Input for this task:
• • • • • • •

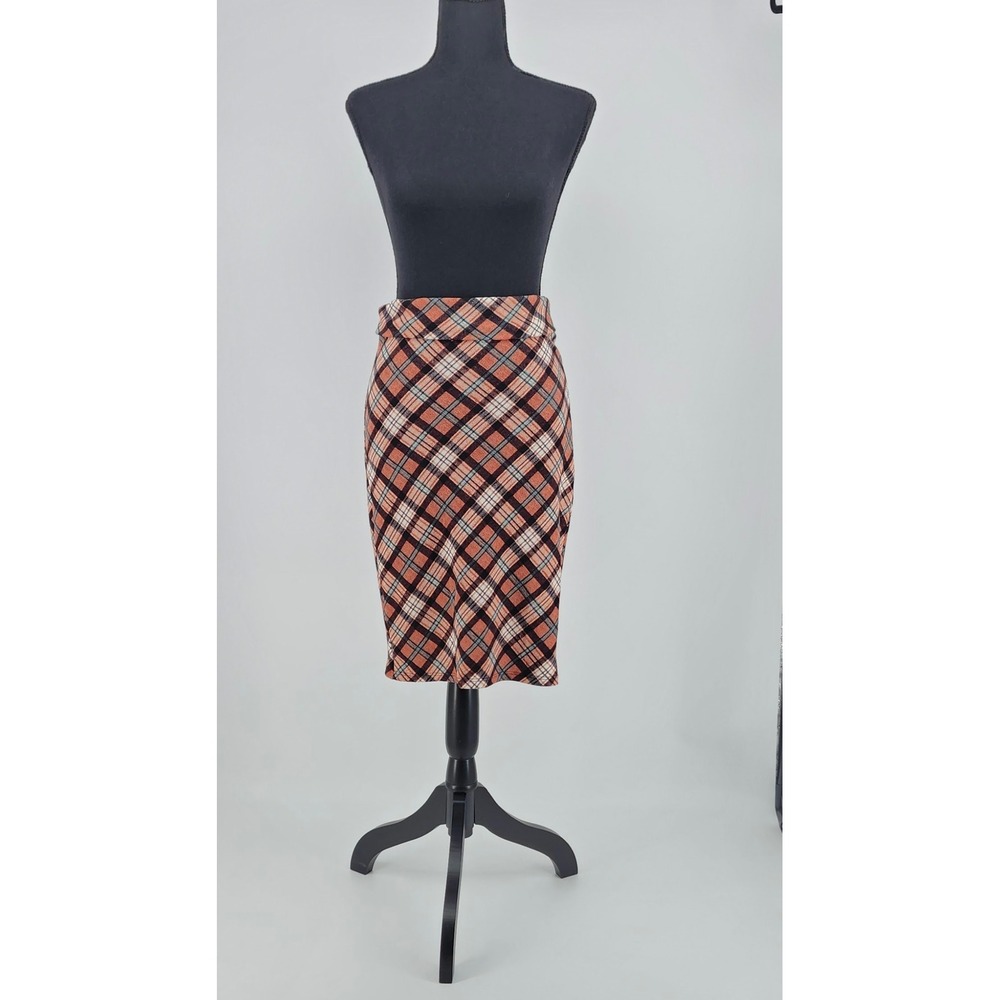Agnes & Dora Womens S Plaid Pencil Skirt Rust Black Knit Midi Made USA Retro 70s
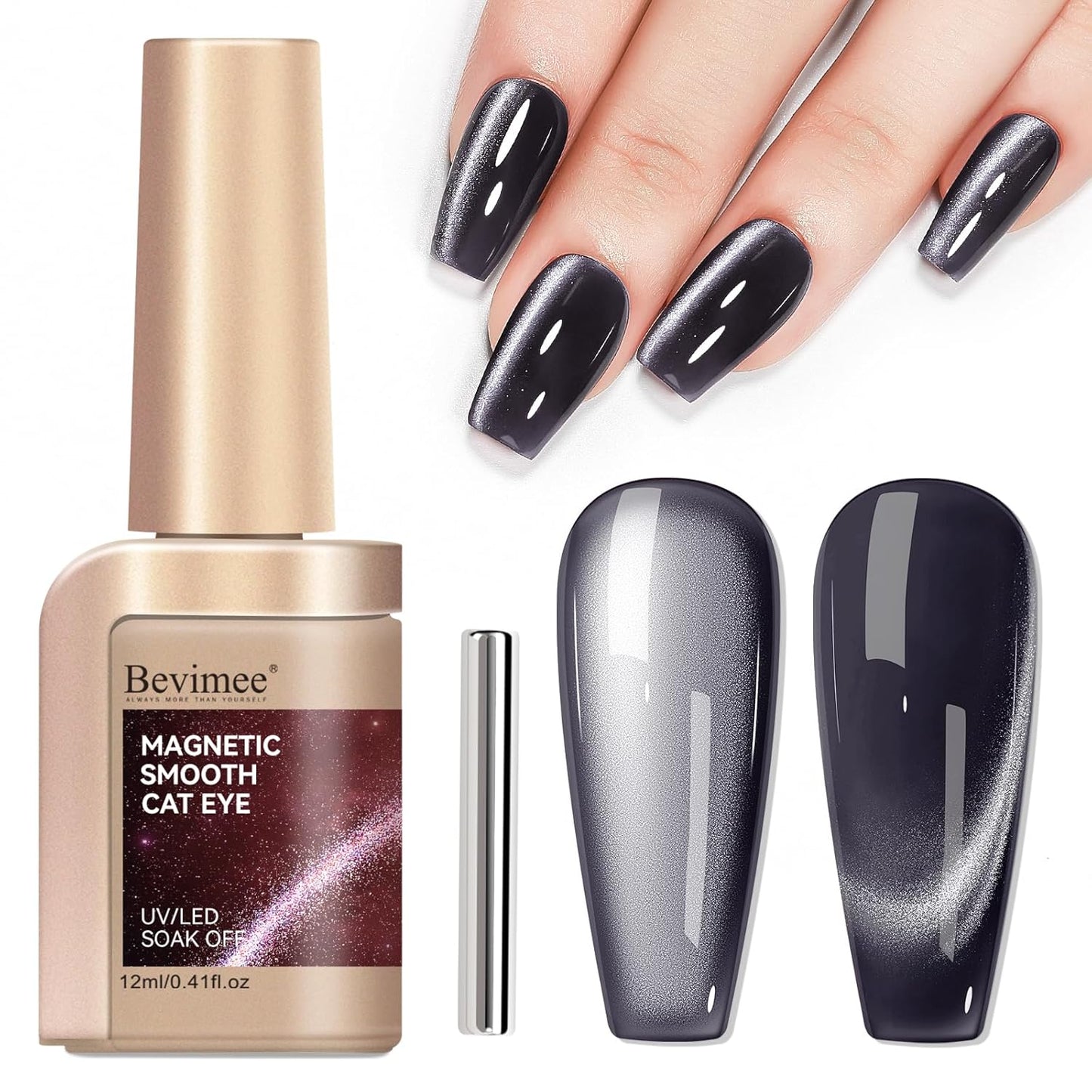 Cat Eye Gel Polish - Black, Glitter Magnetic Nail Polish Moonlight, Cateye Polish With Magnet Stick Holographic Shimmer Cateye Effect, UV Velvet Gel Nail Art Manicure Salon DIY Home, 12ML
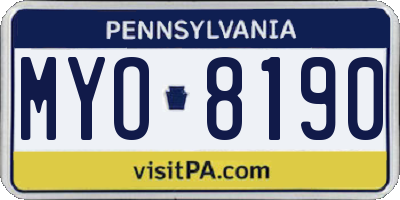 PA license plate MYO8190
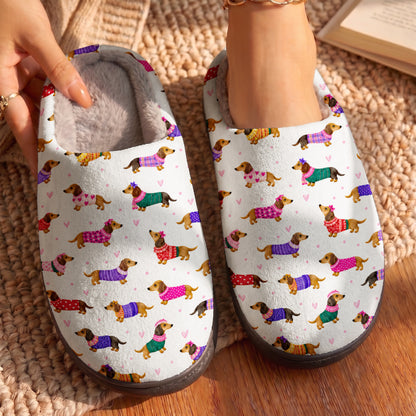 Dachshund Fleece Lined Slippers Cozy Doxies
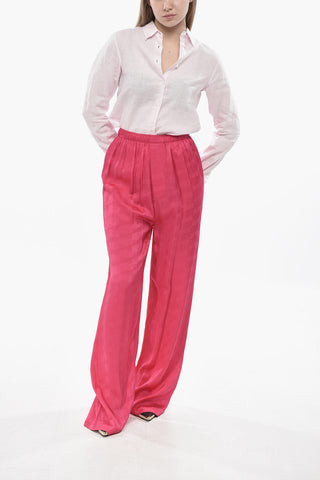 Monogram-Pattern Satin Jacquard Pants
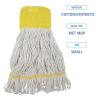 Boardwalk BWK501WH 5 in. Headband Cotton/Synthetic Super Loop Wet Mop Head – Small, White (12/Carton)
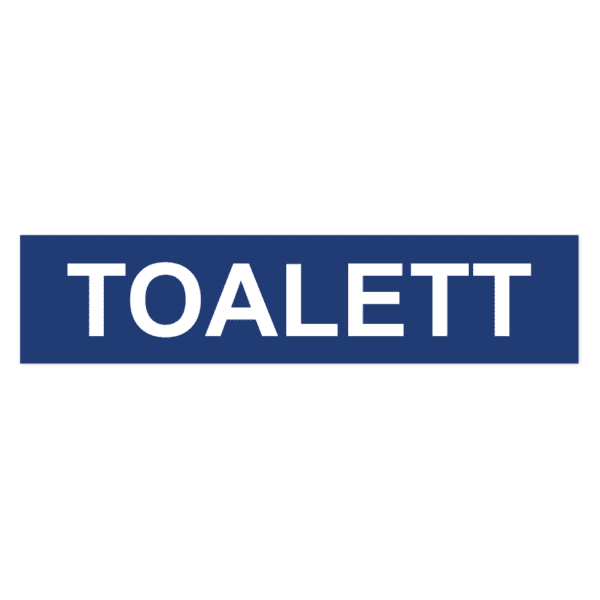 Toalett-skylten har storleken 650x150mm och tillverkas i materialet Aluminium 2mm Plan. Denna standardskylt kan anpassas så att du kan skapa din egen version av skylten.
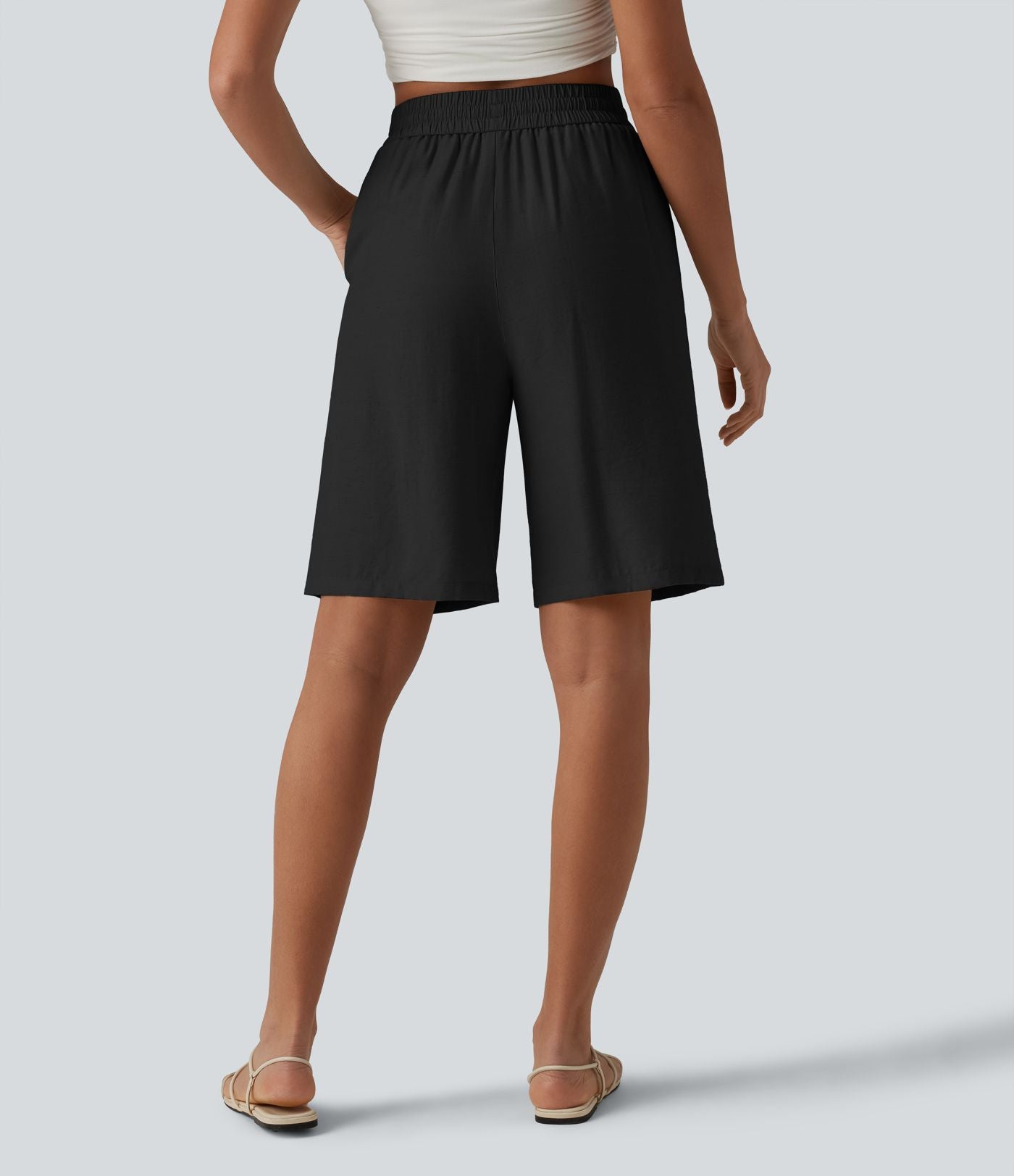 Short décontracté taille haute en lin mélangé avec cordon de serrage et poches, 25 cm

• • • • • • •

Task statement:
Please retype the entries above word for word, but only from the line containing "Boardwalk BWK501WH 5" through the last line, and without the pictures.

Result of this task:
 Boardwalk BWK501WH 5 in. Headband Cotton/Synthetic Super Loop Wet Mop Head – Small, White (12/Carton)
 Toalett-skylten har storleken 650x150mm och tillverkas i materialet Aluminium 2mm Plan. Denna standardskylt kan anpassas så att du kan skapa din egen version av skylten.
 Short décontracté taille haute en lin mélangé avec cordon de serrage et poches, 25 cm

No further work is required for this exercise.